Ela conta que a sua maior preocupação é seu amado cãozinho Charlie: “O governo claramente não vai priorizar comida para cachorros nos portos”.

Helena, de 27 anos, conta que algumas pessoas consideram que seu estoque suficiente para três meses é “ridículo”, mas acrescentou: “Eu comprei cedo para que não fosse prejudicada pelo aumento dos preços, e isso acalmou a minha preocupação”.

Ela mora sozinha, com seu cachorro e um inquilino em Cardiff, e diz que, ao ver seu estoque de suprimentos, seu inquilino decidiu fazer o mesmo.

Sua família também começou a armazenar alimentos, e seu pai está montando um estoque para sua avó, que já tem uma idade avançada.

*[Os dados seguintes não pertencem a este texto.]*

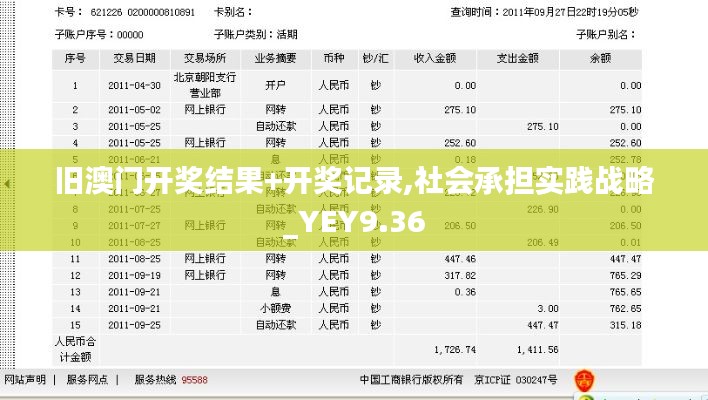 旧澳门开奖结果+开奖记录,社会承担实践战略_YEY9.36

Helena diz que tem medo porque há “muitos aspectos completamente desconhecidos”, e acredita que a população vai entrar em pânico, caso seja difícil encontrar alguns alimentos no mercado.

“Mesmo considerando os itens que são majoritariamente produzidos no Reino Unido: se um tipo de vegetal importado acabar, as pessoas vão começar a substituí-lo por algo britânico, e o aumento da demanda pode acabar afetando o fornecimento deste item,” ela diz.

“Eu não vou ficar brigando pelo último pacote de pão no Asda. Acho que eu não me daria bem nessa”.